Of the company’s 89 total employees, 48 are based in OC.
• San Juan Capistrano-based Ensign Group (Nasdaq: ENSG), which operates a network of skilled nursing facilities and assisted living communities, ranked No. 3 among large companies with two-year revenue growth increasing by 41% to $4.3 billion.
• Newport Beach-based Chipotle Mexican Grill (NYSE: CMG), one of two restaurant chains on the list, ranked No. 4 among large companies with 2024 revenue growing by 31% to $11.3 billion, up from $8.6 billion in 2022.
• Pro-Dex Inc’s (Nasdaq: PDEX) revenue increased by 28% to $53.8 million in 2024, up from $42 million in 2022. Richard Van Kirk, chief executive of the contract manufacturer, told the Business Journal that the firm’s investment in a “second building for manufacturing, as well as in people and equipment,” contributed to its growth. “We have grown our relationships with existing customers as well as developed new products,” he said.
• No. 4 ranked midsize company Indie Semiconductor (Nasdaq: INDI), which focuses on chips for cars, increased revenue 96% to $216.7 million in 2024, up from $110.8 million in 2022. Despite the growth path of the Aliso Viejo-based company, its share price dropped to $2.21 as of March 26 from $6.39 a year ago.
In a look focusing on Indie’s drop, industry website Insider Monkey said: “Wall Street has gotten increasingly bearish on semiconductor stocks over the past few months as concerns about the profitability and sustainability of AI have gained traction.”

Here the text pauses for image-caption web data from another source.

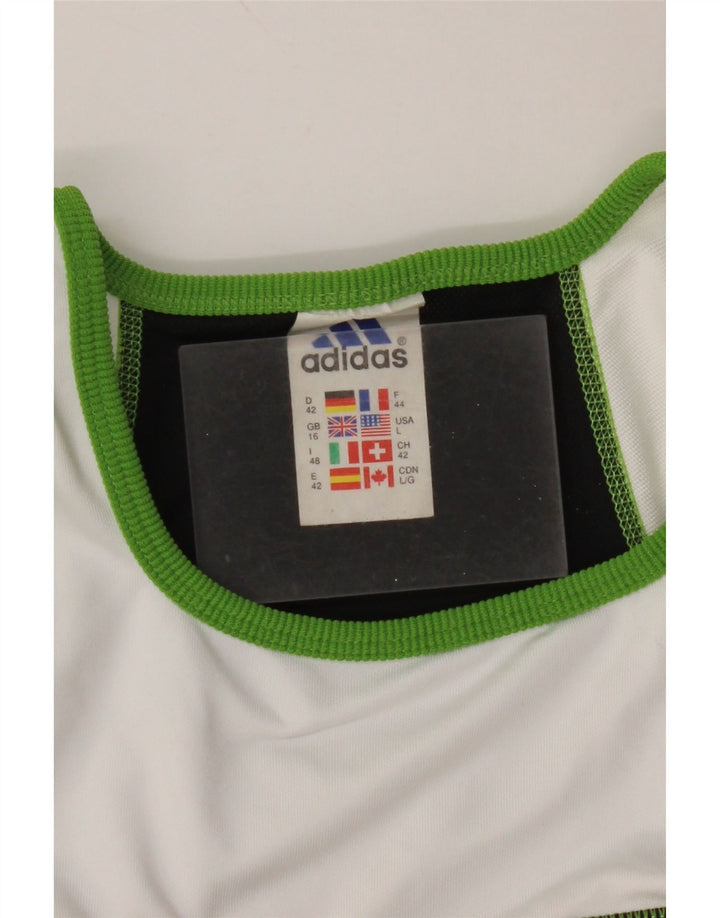 Женский спортивный бюстгальтер ADIDAS Climalite UK 16, большой черный с цветными блоками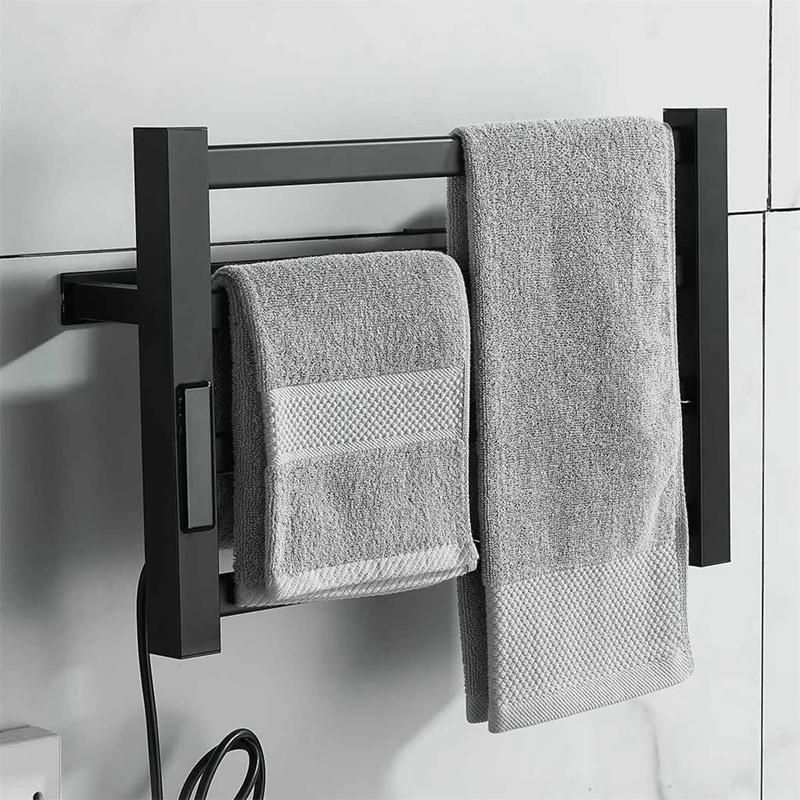 Intelligent Towel Shelf Hanging Hook Remove Moisture Towel Warming Rack for Bathroom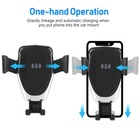 Universal Wireless Fast Car Charger Air Vent Mount Gravity Phone Holder Qi 10w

The company on March 4 announced a strategic collaboration with GlobalFoundries (Nasdaq: GFS) to develop its portfolio of high-performance radar systems-on-chip. They will target radar applications for advanced driver assistance systems.
• Computer networking products maker Lantronix (Nasdaq: LTRX), kept its No. 9 ranking in the midsize category with 2024 revenue of $160.3 million, up from $131.2 million. It had expanded its partnership with TD SYNNEX (NYSE: SNX), a global distributor and solutions aggregator for the IT ecosystem. The arrangement will help to expand the reach of Irvine-based Lantronix throughout Europe.
• EACO Corp. of Anaheim, which does business as Bisco Industries, dropped to No. 10 in the midsize category. The distributor of electronic components and fasteners reported 21% increase in sales to $370 million in 2024, up from $305 million in 2022. The company has 215 employees in Orange County, while employing a total of 500 across 52 locations, according to its website.
“We offer local service, one-stop-shopping, and ensure fast delivery and availability to our customers. Our global expansion plans include opening a branch in Mexico in the near future and entering the European market soon after…,” according to its website.
—Research Director Desmond Celo contributed to this report.